Australian blues legends Chain pulled a good crowd for 10pm on a Sunday night. Chain played at all three Sunbury’s back in the 70s. Chain played their own brand of (as Matt Taylor called it) “Australian Rhythm and Blues” to bring the first Bluesfest Melbourne to an end.

The headliner for Sunday was Scottish singer songwriter Paolo Nutini. Nutini returned in 2022 with his first album in eight years, ‘Last Night In the Bittersweet’ and gave the Bluesfest Melbourne audience most of it. The new music from Nutini is very different to his three albums of 2006 to 2014. He has also turned the live performance up a notch with an electronic sound and light show to match.
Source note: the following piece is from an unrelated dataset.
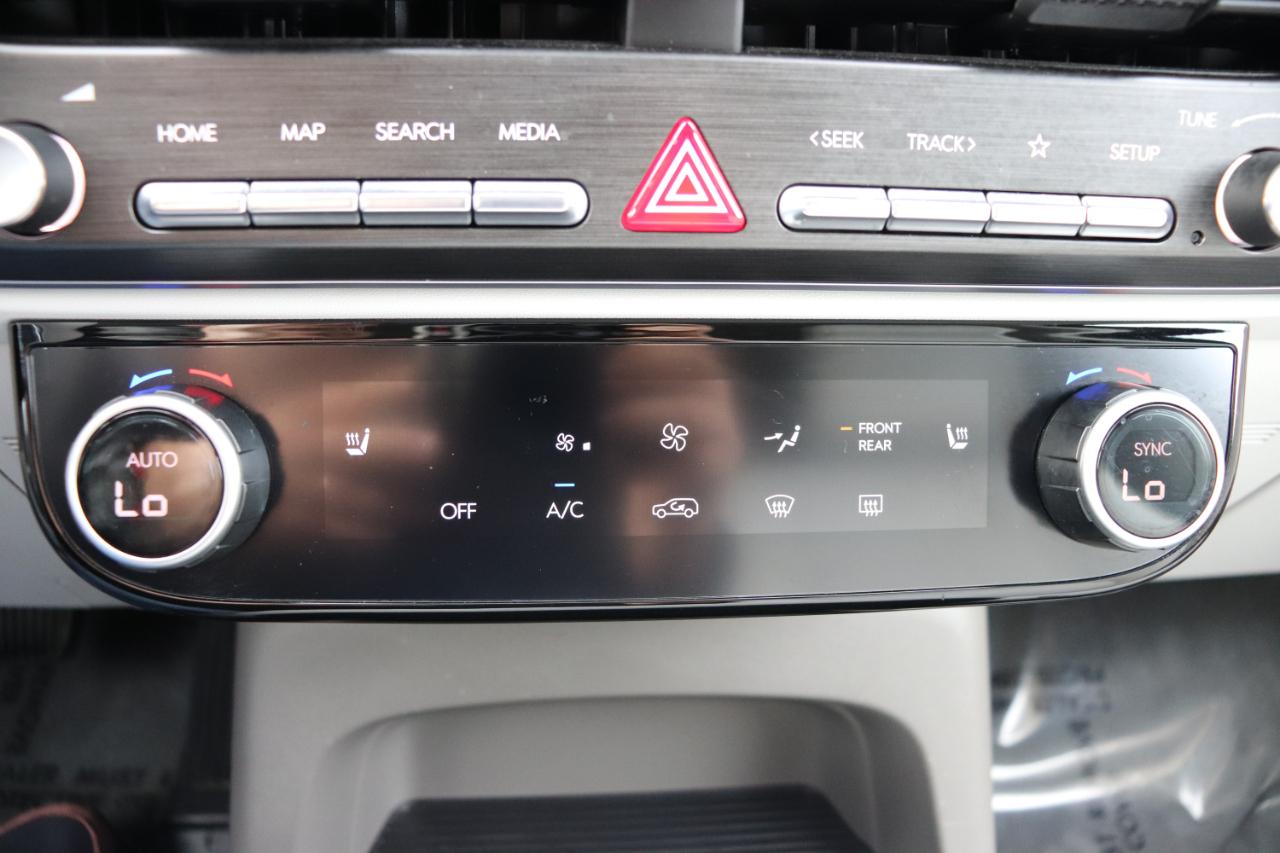 Hyundai Palisade SEL 7P AWD 2026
Nutini puts on one amazing show. It was way more pop and the most unBlues Bluesfest show there was across the entire weekend making it out of place with this line-up. if I went to see this show as a standalone, it would be incredible. But it wasn’t so incredible as to stop me going to Kingfish. I’m glad I left Nutini when I did or I would have missed the highlight of the weekend.

Paolo Nutini at Bluesfest Melbourne 2023 photo by Mary Boukouvalas

Paolo Nutini at Bluesfest Melbourne photo by Mary Boukouvalas

A special shoutout to promoter Neil Croker who with Peter Noble curated one of the best two-day line-ups Melbourne has seen in a long time. Also a particular thankyou to Publicist Extraordinaire Julie Cavanagh for her continuous access and assistance in helping the media achieve their goals as well as National Publicist Queen Gaynor Crawford just making things happen.

I’m told Bluesfest Melbourne will be back in 2024. Let’s hope so. The venues at the Melbourne Convention Centre are not great for sound but they are great for weather. Melbourne had terrible weather this weekend. Anywhere else and this first Bluesfest Melbourne would have been a disaster. If Bluesfest Melbourne was held around the Tennis Centre venues we would still have a potential issue with bad weather getting from John Cain Arena to Rod Laver Arena to Kia Arena. The Melbourne Convention Centre makes a lot of sense for logistics so until something new comes along, there really is no other alternative.